The New South Wales Audit Office analyzed the project in a detailed report published in 2003. Titled Review of Sydney Water’s Customer Information and Billing System, the document thoroughly and objectively dissects this severely failed project:
- Sydney Water had spent approximately $61.0 million on R1, R2 and R3 up to project termination and another $18.6 million on related CIBS hardware and software. We believe most of the $61.0 million will be written off.
- Management did not always report important issues to Sydney Water’s Board of Directors in a clear, complete and timely manner.
- The Board did not oversee the project as effectively as it might have. Its understanding of the project, in light of its complexity, was limited.
- Sydney Water may not have proceeded with CIBS if it had done a timely analysis of the Technical Proof of Concept.
- Sydney Water did not effectively follow up and address recommendations from a ‘Health Check’ review.
- Sydney Water did not adequately disclose the status of CIBS in its 2002 Annual Report.
Project Specification, Interface with Users, Project Management
- Project planning and specifications were inadequate, contributing to many change requests and significant additional costs and delays.
- The business case supporting CIBS was not updated for substantial changes in costs and benefits.
- The project team lacked certain skills to do the job.
- Sydney Water recognised that it needed a business improvement process, but during the project it reverted to only implementing a computer system.
- There was poor communication between the project team and the Customer Services Division.
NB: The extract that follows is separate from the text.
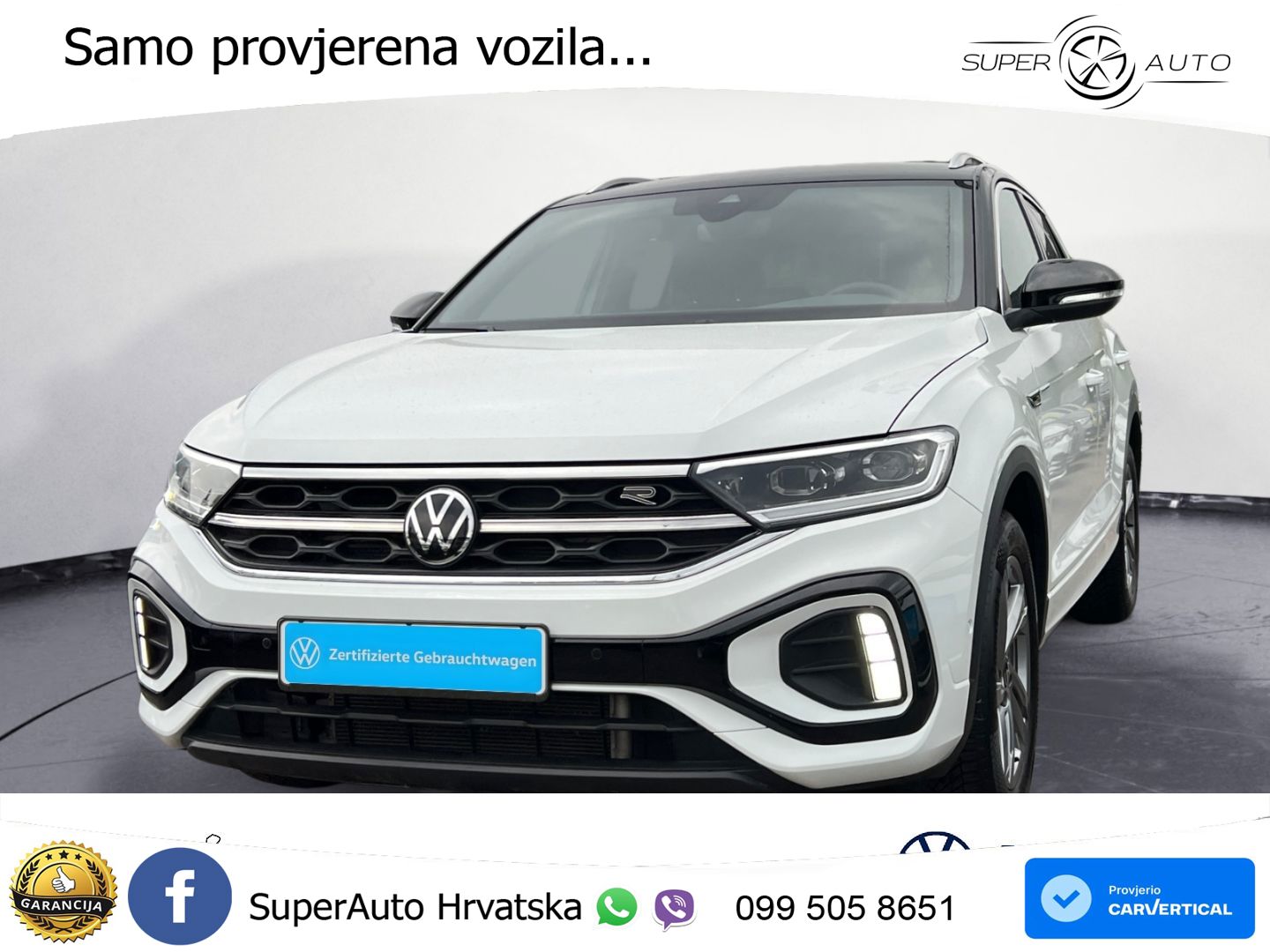 Volkswagen T-Roc I 1.5 TSI (150 KS) DSG LED+GR SJED+ACC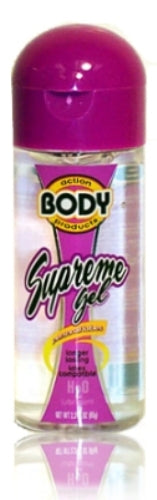 Body Action Supreme Gel Water-Based Lubricant — 2.3 oz - BA-BAS20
This greatly weakened the project.
- The project was approved without a corporate information technology strategy. Once Sydney Water developed this strategy, it was found that the CIBS computer architecture was not compatible.
- An integrated project plan was not maintained during the project.
- Testing was neither timely nor comprehensive.
- There was a belief in Sydney Water that IT projects of this nature and complexity would inevitably go over budget and be delayed.
- The involvement and accountability of some internal service providers was lacking.
Selection of Suitable Contractor and Contractual Arrangements
- We were unable to fully assess the selection of the contractor because Sydney Water could not provide all relevant documentation. However, it appears that Sydney Water performed an extensive evaluation and selection process.
- Contract administration was deficient. One variation to the contract transferred significant responsibilities and risks from PwC back to Sydney Water.
- The contract with PwC was weaker than the request for tender in some important areas.
- The final project estimate for CIBS was $135.1 million, compared to the original budget of $38.2 million.
- Significant contingencies, as well as hardware and some software costs were not in the original budget.
- Risk management was not effective at the corporate and project levels.
- The culture of Sydney Water suggests a belief that the outsourcing of major projects will effectively transfer all risks to the contractor.
Here's an interesting graph showing accumulated project costs:
Given the detail in the audit report, including figures such as the one above, I was surprised at the extent to which responses from both Sydney Water and PwC relied on plausible deniability, nitpicking, and hair-splitting to avoid responsibility. PwC basically denied the failure altogether:
At the outset, however, we should note that we consider it incorrect to describe the CIBS project as a “failed” project in circumstances where it was unilaterally brought to an end by Sydney Water. It would in our view more accurately be referred to as a “cancelled” project. [I]t is PwC’s firm belief that at the time the contract as cancelled by Sydney Water it was deliverable.
Perhaps it's worth noting that public water utility billing systems are complex, and in the past I've written about Philadelphia's Project Ocean, which was a similar, if much smaller and more limited, fiasco. Nonetheless, this project stands out as the worst sort of IT failure. Reading the audit report I sat back in amazement -- incompetence, denial, hiding the truth -- this one had it all. Can't wait to hear what comes out in court.